Maybe your comments would better be appreciated in the healthcare, charity or welfare sectors.
On Feb 04 02:25 PM David in D wrote:
> I'd like to challenge the assumption that you can't attract "top
> talent" for $500K a year. While there are several posters who have
> already echoed this position, perhaps we need to reimagine what motivates
> the "best" people to work in a given situation.
>
> How would you rate Obama's ability as an executive? He's working
> for $400K a year. What about other senior government officials?
> Furthermore, many of the smartest people in the world forego the
> riches of the private industry and serve the private good by pursuing
> jobs in the non-profit, NGO, and academic worlds. These folks make
> fractions of what we are talking about here.
>
> PERHAPS THE TYPE OF PERSON WHO IS ONLY MOTIVATED BY THE FINANCIAL
> REWARDS OF THE JOB IS PRECISELY THE WRONG LEADER TO "REFORM" A GIVEN
> BANK AND THE INDUSTRY AS A WHOLE. That's probably a tough pill for
> many in the industry to swallow, but if you are primarily motivated
> by money, you'll probably continue the greedy paradigms that got
> us into this mess.
On Feb 04 02:42 PM BS Detector wrote:
> Perrego wrote: "Agreed. But if you were offered options in a company
> where a lot fo the top talent left and it was going to be a few years
> before the TARP would be paid back, and THEN you had to rebuild your
> talent core competency would you think twice about staying? It's
> a slippery slope."
>
> I understand what you're saying, but if the top performers were put
> under the same restrictions, they could be offered the same kinds
> of deals. To keep them the top end of the possible performance-based
> compensation (after TARP is repaid) would have to be higher, which
> they could do. At least then there would not be the open floodgate
> problem you suggest.
Not talking about rings - talking about profit. The Red Sox have two rings in the new century and have been until this year, in the top 3 in salaries. there is a correlation and the metaphor I applied, while not perfectly apt does fit well.
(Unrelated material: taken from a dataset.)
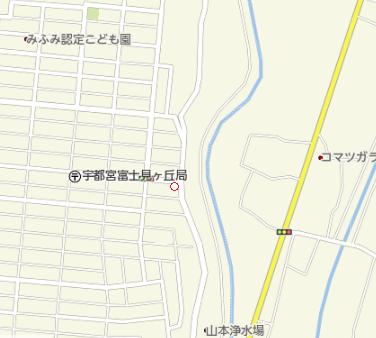 現地案内図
On Feb 04 02:35 PM sether wrote:
> The Yankees have not won in 10 years because they are composed of
> a bunch of overpaid, 'roid-shooting mercenaries, with no concern
> for anything but their own bottom line. In that sense The Yankees,
> and most of baseball, is like Wall Street. How about teams like the
> A's, and Tampa Bay? Good clubs who have built up talent through their
> own farm systems and prescient trades. As soon as anyone gets too
> entitled, they can go extort the Yankees or Sox. Same thing should
> happen to all that fabulous 'talent' on Wall Street, once we regulate
> the sh*t out of it. Maybe that will leave us with a functional market,
> chugging along, that people can trust if they want to, or can count
> on to stay the hell out of their lives if they don't. I suppose that
> will cramp your high-rolling trader lifestyle, but to hell with that.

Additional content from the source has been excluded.